━━ Collected material ━━
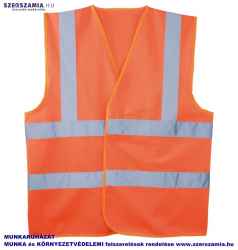 Jólláthatósági mellény 2 vízszintes csíkkal narancs, méret: XL, 1 darab
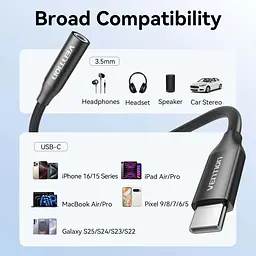 Перехідник USB-C аудіо Jack 3.5мм, Aluminum Alloy, чорний Vention - мініатюра 8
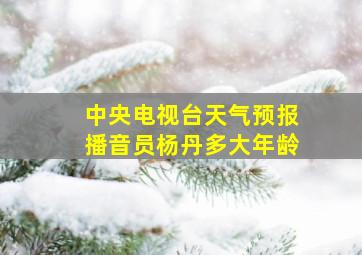 中央电视台天气预报播音员杨丹多大年龄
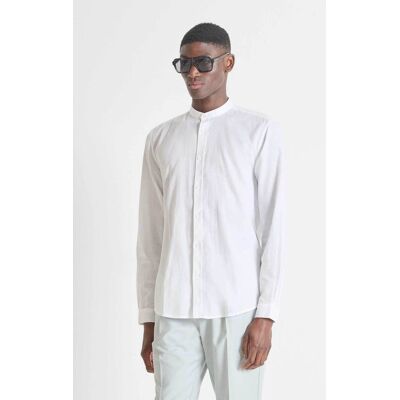 Antony Morato ανδρικό πουκάμισο μάο μονόχρωμο Regular Fit "Toledo" - SL00801FA401074 Λευκό 52 Antony Morato ανδρικό πουκάμισο μάο μονόχρωμο Regular Fit "Toledo" - SL00801FA401074 Λευκό 52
━━━
Exercise brief
Could you repeat all of the material exactly? Pictures should not be copied.

Exercise result
 Jólláthatósági mellény 2 vízszintes csíkkal narancs, méret: XL, 1 darab
 Перехідник USB-C аудіо Jack 3.5мм, Aluminum Alloy, чорний Vention - мініатюра 8
 中央电视台天气预报播音员杨丹多大年龄
 Antony Morato ανδρικό πουκάμισο μάο μονόχρωμο Regular Fit "Toledo" - SL00801FA401074 Λευκό 52 Antony Morato ανδρικό πουκάμισο μάο μονόχρωμο Regular Fit "Toledo" - SL00801FA401074 Λευκό 52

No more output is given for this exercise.